The articles “Battle Blister Beetles” and “Travelin' Man” in your March 2003 issue (pages 22, 24) unfairly singled out the state of Oklahoma. This was all based on hearsay without any proof that “Oklahoma is full of blister beetles.” It's simply not true.
Articles like these damage the reputation of growers who have provided hay to the horse industry for many years without problems. Mr. Mayer fails to address the basic issue in that beetles are swarming insects and don't honor state lines.

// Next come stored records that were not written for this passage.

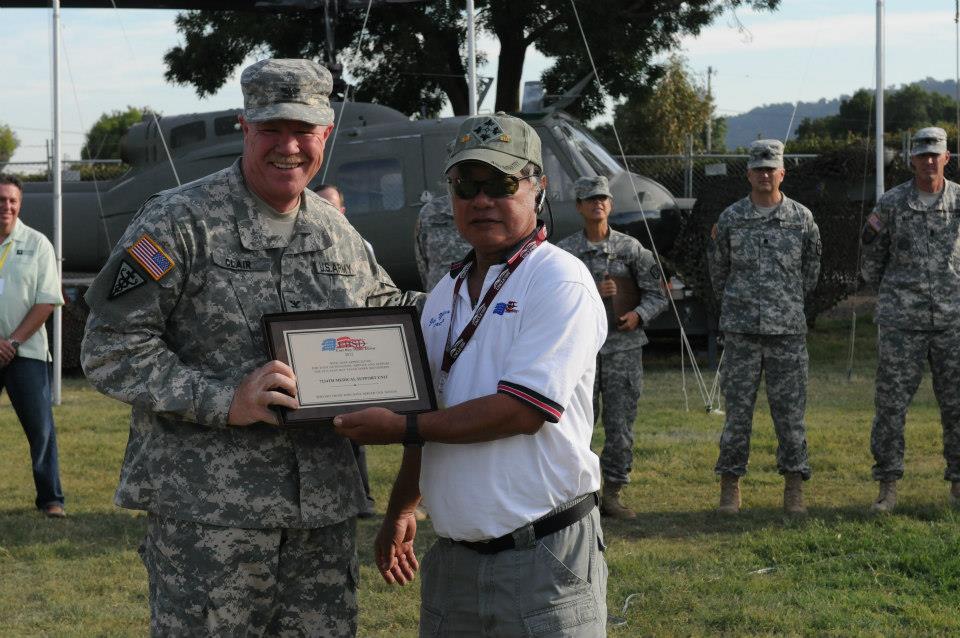 East Bay Stand Down/Photo Gallery/East Bay Stand Down 2012/Army Reserve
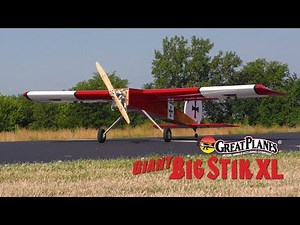 Great Planes Giant Big Stik XL : Raw Performance
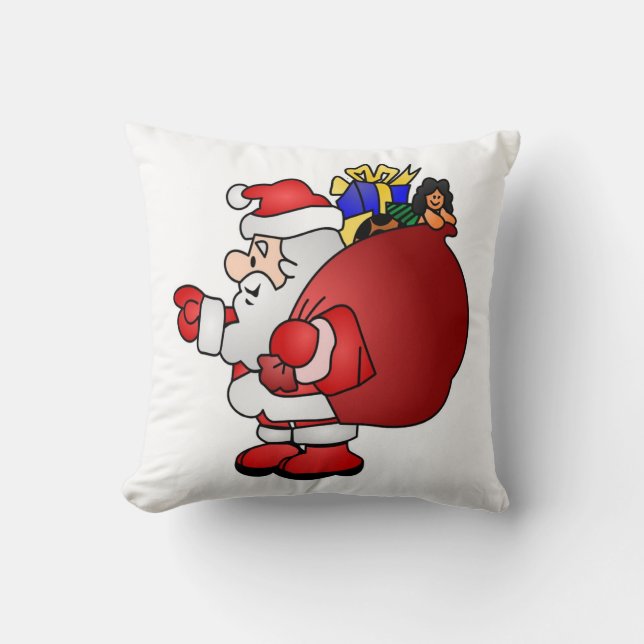 COUSSIN SANTA CLAUS (Recto)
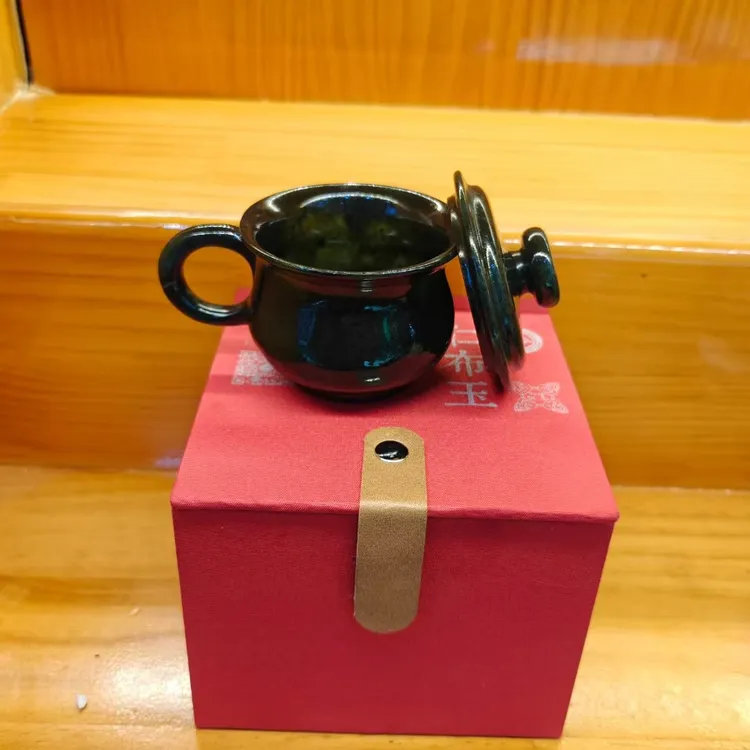 西藏仁布玉甜茶杯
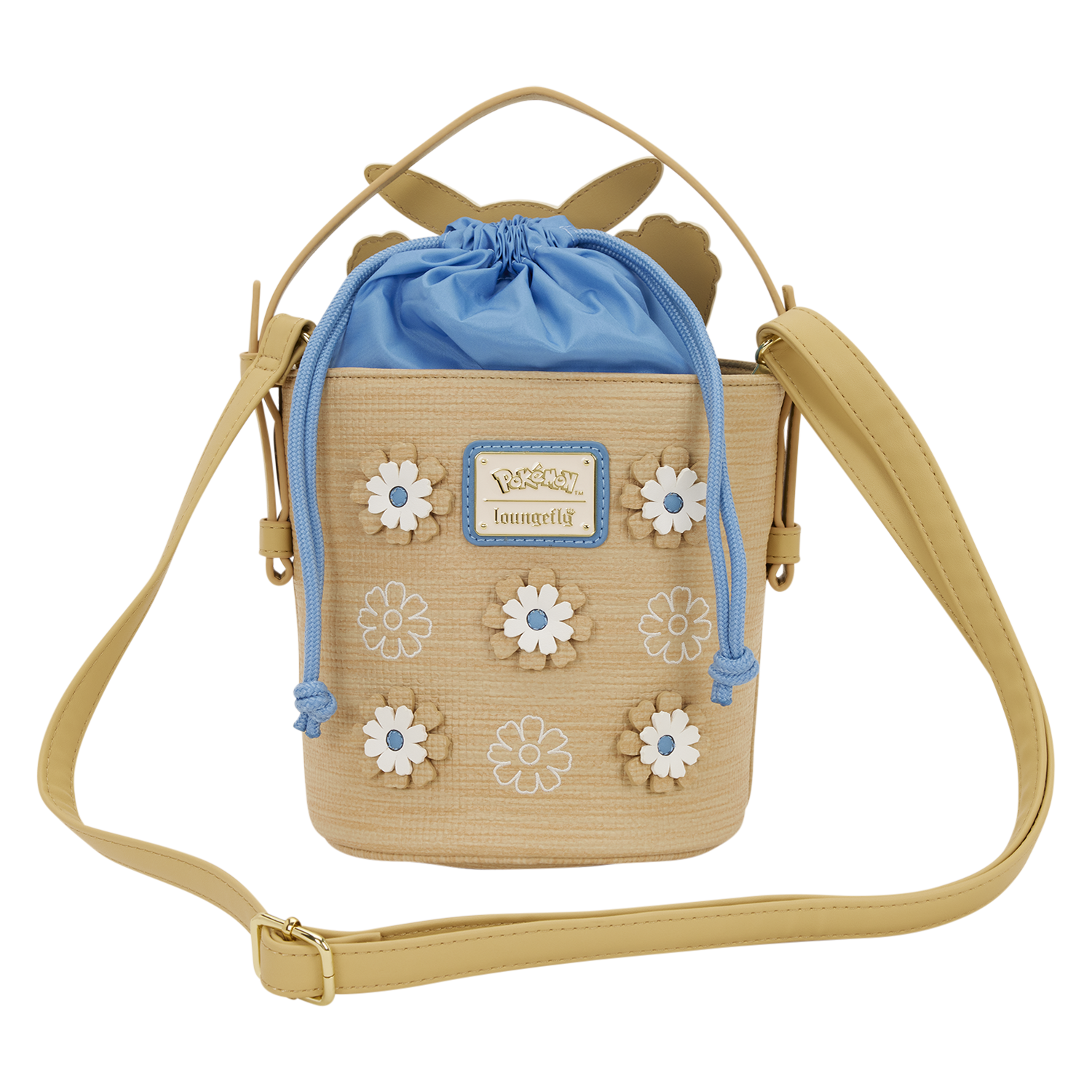 Pokémon Floral Pikachu Crossbody Bag - Image 6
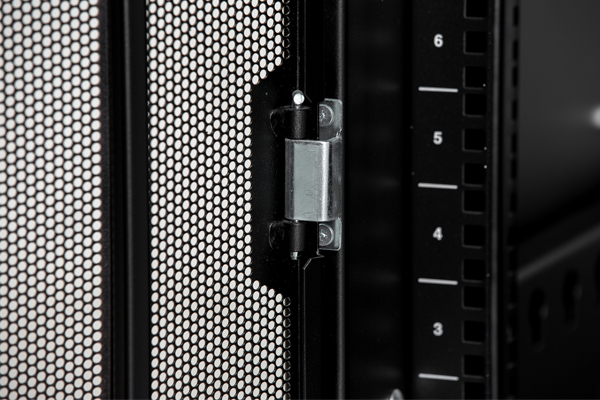 HP-8827 CURVE 19" HIGH PERFORATION EXPORT SERVER RACK 27U (80X80 cm.)
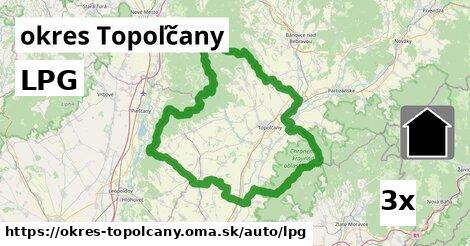 LPG, okres Topoľčany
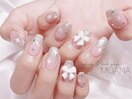 きらきら♪リボンnail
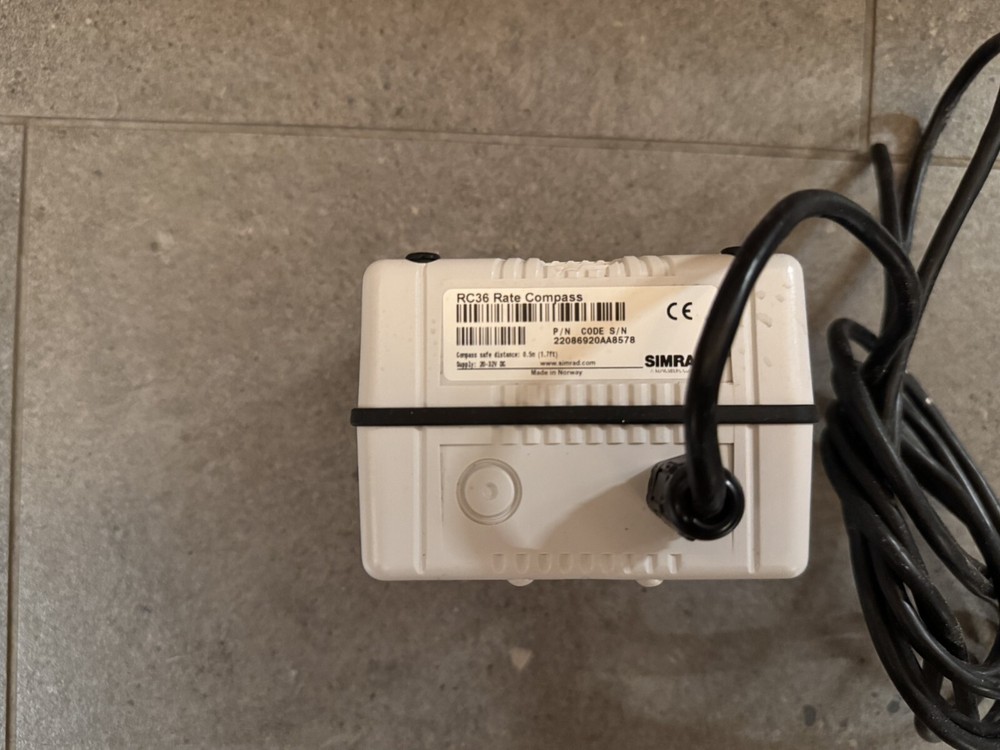 Simrad RC36 Autopilot Rate Compass - 90 Day Warranty!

I was disappointed that he did not share his protocol for detecting blister beetles or the toxin in hay that he purchases. Obviously, he has some type of method or he wouldn't be driving thousands of miles to buy baled hay free of the insects. That would have been most valuable as there is no known method to determine the presence or absence of the toxin in baled hay.
It's a given that blister beetle toxin is lethal to horses. However, there are several myths associated with the toxin. One myth: A single portion of one beetle, such as the wing, is sufficient to kill a horse. Research by a toxicologist at a veterinary college showed that an 800-lb horse would have to ingest 25 blister beetles to cause death. The toxin, cantharidin, is similar to capsicum, which is the “heat” in hot peppers.
Articles like these that will result in irreparable harm to a particular state have no place in Hay & Forage Grower.